The course is a mix of long fire-road climbing slog, and fun singletrack with lots of challenges, tricky rock sections and fast descents. It’s really tiring to do at any sort of speed, and the special Strathpuffer Krypto-mud literally grinds your bike to pieces. Brakes fail, forks collapse, and chains disintegrate every lap. The mud is so abrasive we got through at least 10 sets of brake pads – about 100 times what their ‘normal’ wear should be!
Our bikes and equipment generally held up pretty well. Three of us had hard tails set up for general trail riding, with big fat DH tyres. Exactly the same bikes we use for everything, definitely not a cross-country race set-up. The other bike had full suspension and slightly skinnier tyres but it made no odds. The bike might make a minute or two in a lap but the half hour differences were down to fitness and reliability.

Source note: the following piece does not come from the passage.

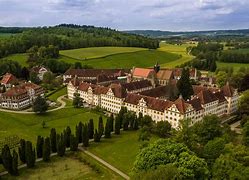Schule Schloss Salem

If you’re thinking about doing it, you need a decent quality bike with lots of spare parts and the ability to repair things as you go. Your bike will take a beating. We managed to get decent quality lights for everyone and they were fantastic, making night riding much easier. The pace hardly dropped in the dark. Clothing wasn’t too much of a problem – we mostly wore jeans, trainers and a thermal layer, maybe a jacket when it was raining hard. Staying warm between laps was – if we hadn’t had the gas fire to get warm and dry it would have been a hundred times worse.